WHAT YOU ARE ASKED TO DO :: The answer must consist solely of the lines from the one containing "عمل بینی شیراز/لیفت شقیقه شیراز/لیفت شقیقه" through the last line of the records, set down exactly and without any pictures.

[DATA SECTION Boundary: Start]

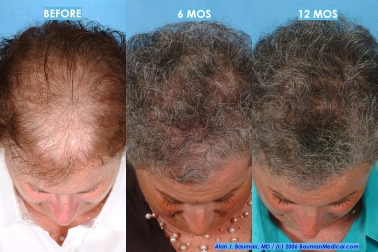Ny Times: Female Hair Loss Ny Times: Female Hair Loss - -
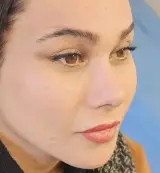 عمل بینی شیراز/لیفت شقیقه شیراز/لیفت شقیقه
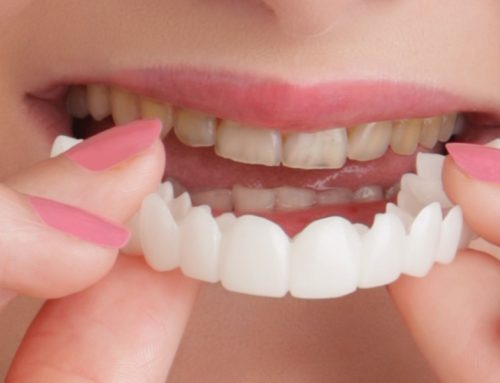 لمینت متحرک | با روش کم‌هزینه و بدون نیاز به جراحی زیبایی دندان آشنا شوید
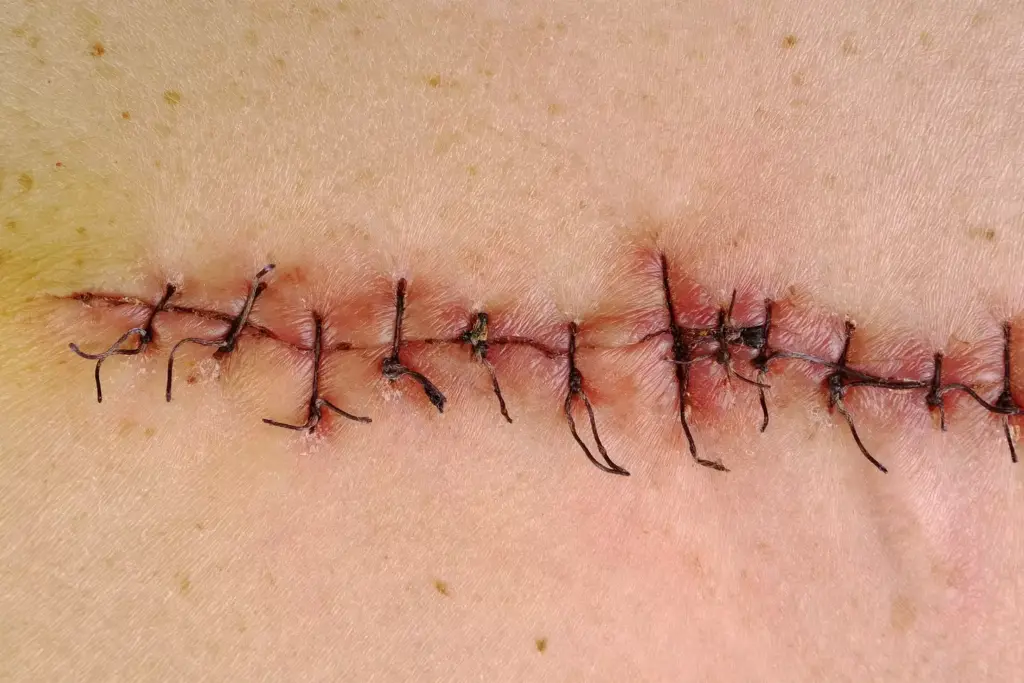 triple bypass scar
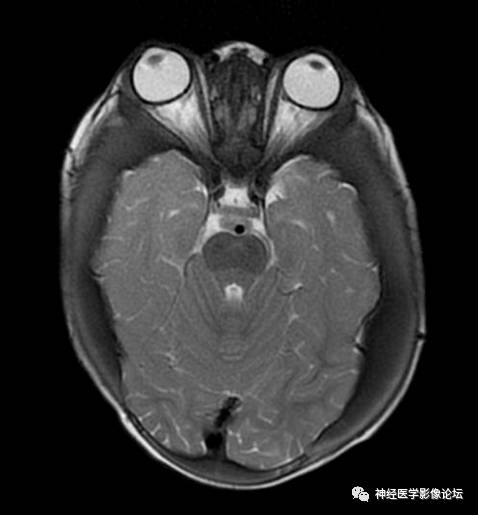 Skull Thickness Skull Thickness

[DATA SECTION Boundary: End]

SOLUTION FOR THIS TASK ::
 عمل بینی شیراز/لیفت شقیقه شیراز/لیفت شقیقه
 لمینت متحرک | با روش کم‌هزینه و بدون نیاز به جراحی زیبایی دندان آشنا شوید
 triple bypass scar
 Skull Thickness Skull Thickness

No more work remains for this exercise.